Tuesday, November 4, 2008

God's Music


Gods' Music - The Japanese Folk Theatre of Iwami Kagura

Terence Lancashire

Florian Noetzel

351 pp.

ISBN 3-7959-0890-6


As is obvious by reading this blog, I am a big fan of Iwami Kagura, and there is precious little information about it in English.

However 2 weeks ago I came across this book published in 2006 and had to have it even though it's expensive, like all academic publications.

I devoured the book in one day, and will re-read more slowly several more time for sure.
It is almost like an encyclopedia, with a full list of the dances, words and texts to the songs, as well as musical notation for all the pieces. As reference material this alone is worth the high price of the book.

The book is really outstanding when it comes to history. The Iwami kagura tradition is transmitted orally, so the further one goes back in time the less sure we can be of anything, but as well as thoroughly surveying all the literature on Iwami kagura in the Japanese language, lancashire also applies his own research to other older materials. He looks at all the other kagura tradition in Japan and where they might have come from, as well as setting kagura within other musical and theatrical and religious practises.

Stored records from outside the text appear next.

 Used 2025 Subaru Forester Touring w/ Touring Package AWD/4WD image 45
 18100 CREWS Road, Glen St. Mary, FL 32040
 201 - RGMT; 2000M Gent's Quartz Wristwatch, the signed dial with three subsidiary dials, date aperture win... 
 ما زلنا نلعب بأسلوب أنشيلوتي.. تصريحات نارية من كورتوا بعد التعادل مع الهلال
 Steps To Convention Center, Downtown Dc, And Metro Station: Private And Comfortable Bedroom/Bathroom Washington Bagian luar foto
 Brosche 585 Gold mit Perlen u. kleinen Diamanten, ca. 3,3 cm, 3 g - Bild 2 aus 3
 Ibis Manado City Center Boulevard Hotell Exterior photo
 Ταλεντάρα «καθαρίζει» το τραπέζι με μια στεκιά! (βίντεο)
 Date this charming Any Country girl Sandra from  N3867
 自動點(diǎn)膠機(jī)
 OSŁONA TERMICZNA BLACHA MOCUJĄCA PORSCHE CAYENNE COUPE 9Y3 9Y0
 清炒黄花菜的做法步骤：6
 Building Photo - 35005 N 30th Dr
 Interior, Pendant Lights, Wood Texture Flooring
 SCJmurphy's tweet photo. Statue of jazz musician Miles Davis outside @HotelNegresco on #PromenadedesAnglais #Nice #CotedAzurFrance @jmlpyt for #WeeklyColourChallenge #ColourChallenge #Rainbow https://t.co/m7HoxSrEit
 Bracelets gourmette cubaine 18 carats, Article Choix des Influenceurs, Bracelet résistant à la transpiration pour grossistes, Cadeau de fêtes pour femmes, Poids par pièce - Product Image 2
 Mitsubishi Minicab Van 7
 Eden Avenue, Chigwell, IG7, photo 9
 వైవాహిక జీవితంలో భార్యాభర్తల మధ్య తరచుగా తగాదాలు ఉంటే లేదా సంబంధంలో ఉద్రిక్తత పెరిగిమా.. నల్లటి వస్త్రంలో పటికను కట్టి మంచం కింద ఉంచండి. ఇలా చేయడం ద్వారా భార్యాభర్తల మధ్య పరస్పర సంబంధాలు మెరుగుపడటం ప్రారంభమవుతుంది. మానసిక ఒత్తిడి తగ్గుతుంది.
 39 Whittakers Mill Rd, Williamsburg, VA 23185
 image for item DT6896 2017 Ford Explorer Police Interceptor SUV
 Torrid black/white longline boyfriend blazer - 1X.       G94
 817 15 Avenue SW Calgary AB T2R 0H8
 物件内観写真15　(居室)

For his research he was based in the Masuda City area, and so concerns himself most deeply with kagura as it is practised there, but writes frequently about the other traditions in Iwami, including the area I live in with its' older Omoto Kagura tradition as well as the kagura traditions in neighboring Izumo, Hiroshima, and Yamaguchi.

The only minor quibble I have with the book is that the pohtos used don't really do justice to the dance.